Problem details
Transcribe the whole listing below. Pictures do not go in the copy.

Collected data
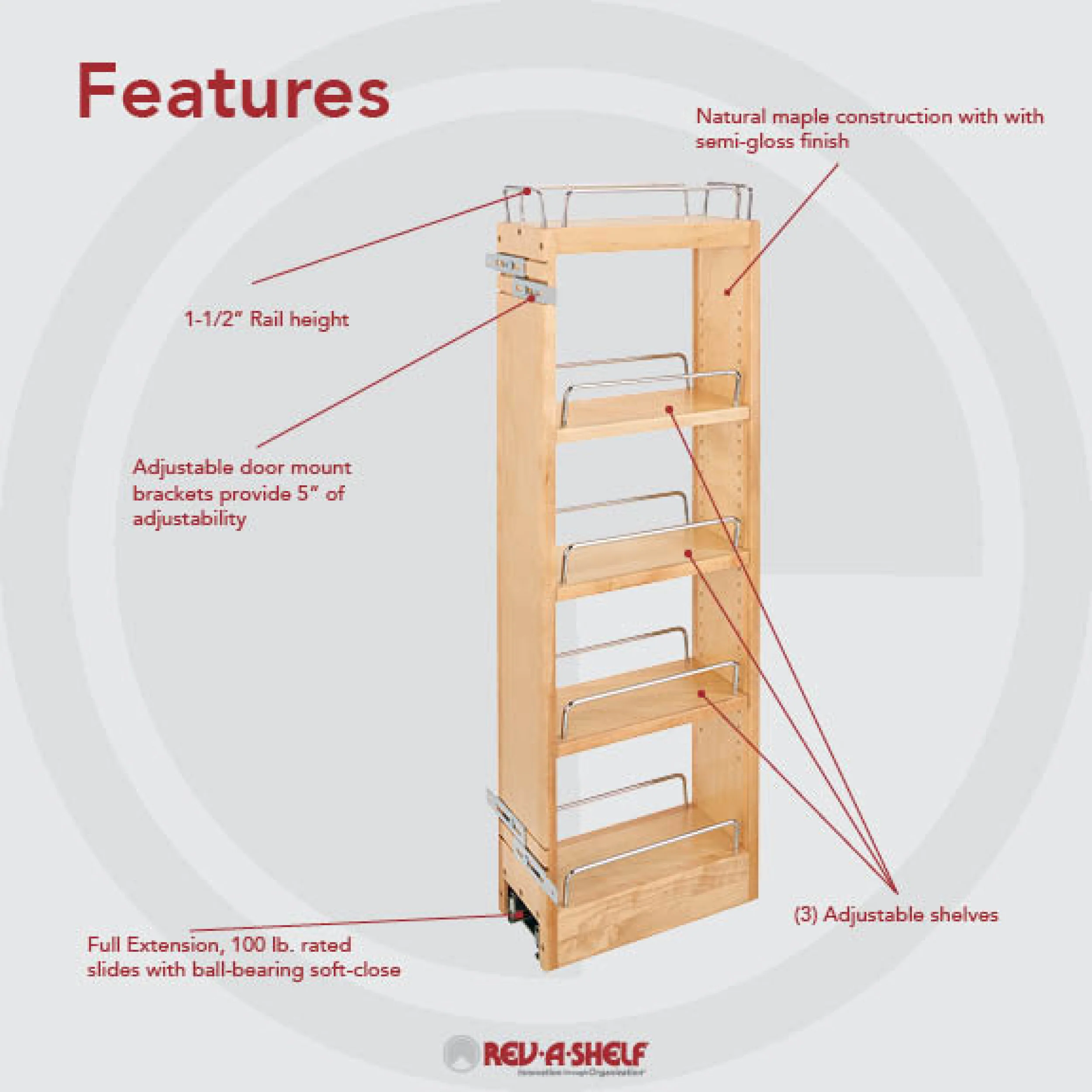 5 in x 36 in H Wood Pull Out Wall Organizer w/Soft Close Natural  5 in (127 mm) W x 10.75 in (273 mm) D x 32.15 in (817 mm) H - Image 2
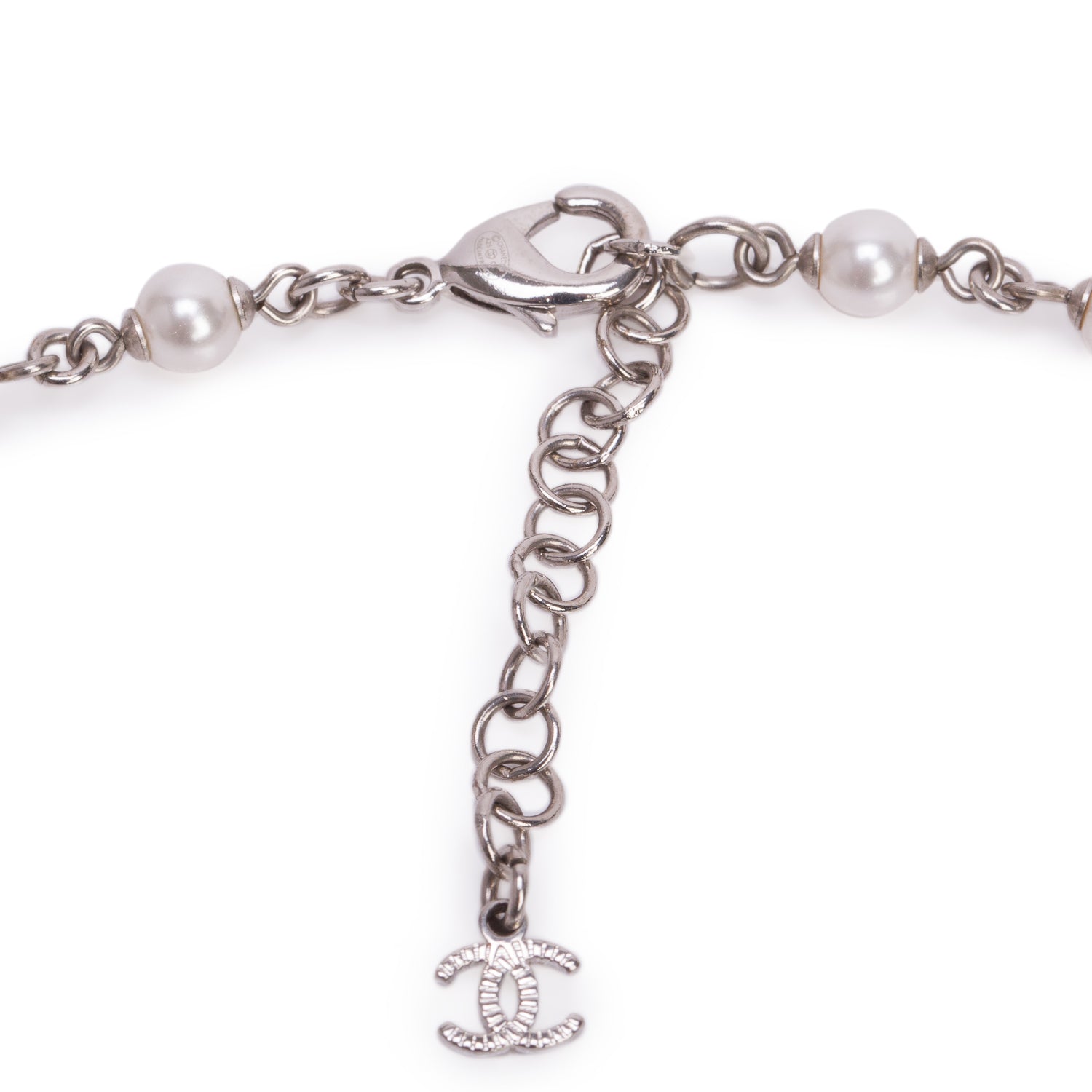 Chanel 2025 Palladium-Plated Faux Pearl & Resin Bead CC Long Station Necklace w/ Box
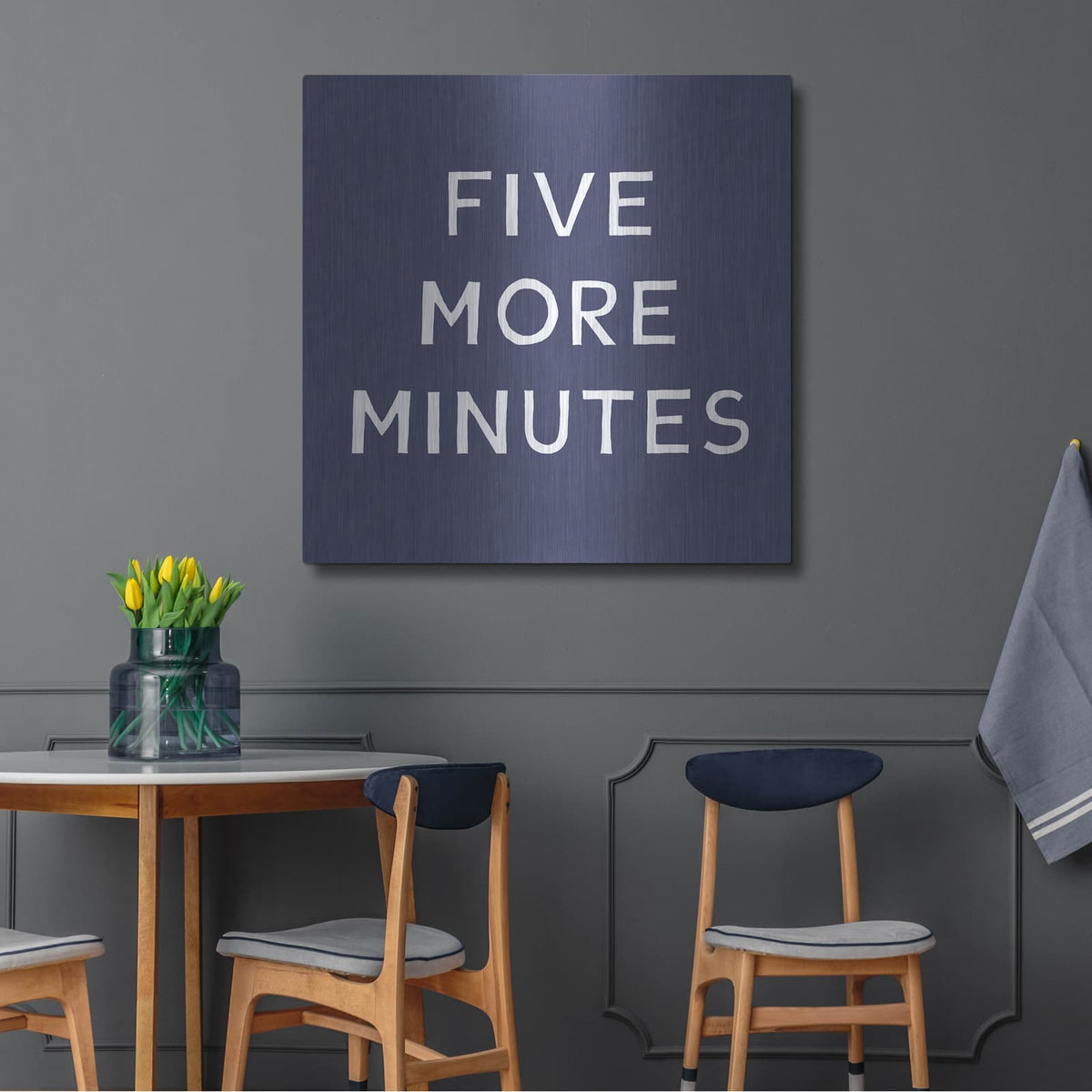 'Five More Minutes' by Linda Woods – Metal Wall Art, 36x36 room view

Worked solution
 5 in x 36 in H Wood Pull Out Wall Organizer w/Soft Close Natural  5 in (127 mm) W x 10.75 in (273 mm) D x 32.15 in (817 mm) H - Image 2
 Chanel 2025 Palladium-Plated Faux Pearl & Resin Bead CC Long Station Necklace w/ Box
 'Five More Minutes' by Linda Woods – Metal Wall Art, 36x36 room view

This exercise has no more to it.